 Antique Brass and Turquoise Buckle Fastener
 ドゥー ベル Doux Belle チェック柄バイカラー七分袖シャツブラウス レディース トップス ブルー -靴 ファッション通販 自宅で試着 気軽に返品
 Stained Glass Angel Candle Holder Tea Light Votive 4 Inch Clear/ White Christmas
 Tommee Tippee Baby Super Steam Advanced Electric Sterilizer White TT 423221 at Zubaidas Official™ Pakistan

* * *

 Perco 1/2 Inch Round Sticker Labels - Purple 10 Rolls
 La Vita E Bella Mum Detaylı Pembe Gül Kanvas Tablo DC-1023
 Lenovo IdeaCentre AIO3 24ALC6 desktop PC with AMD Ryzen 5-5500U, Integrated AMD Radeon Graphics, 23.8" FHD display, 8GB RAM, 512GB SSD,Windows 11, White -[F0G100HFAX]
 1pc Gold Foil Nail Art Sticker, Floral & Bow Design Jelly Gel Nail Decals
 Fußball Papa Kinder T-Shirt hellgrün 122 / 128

**PROBLEM TO SOLVE**
An exact copy of the lines above, from the one containing "Lenovo IdeaCentre AIO3" down to the one containing "Fußball Papa Kinder" and including both, is the whole answer; retype it and nothing else.

**SOLUTION TO THIS EXERCISE**
 Lenovo IdeaCentre AIO3 24ALC6 desktop PC with AMD Ryzen 5-5500U, Integrated AMD Radeon Graphics, 23.8" FHD display, 8GB RAM, 512GB SSD,Windows 11, White -[F0G100HFAX]
 1pc Gold Foil Nail Art Sticker, Floral & Bow Design Jelly Gel Nail Decals
 Fußball Papa Kinder T-Shirt hellgrün 122 / 128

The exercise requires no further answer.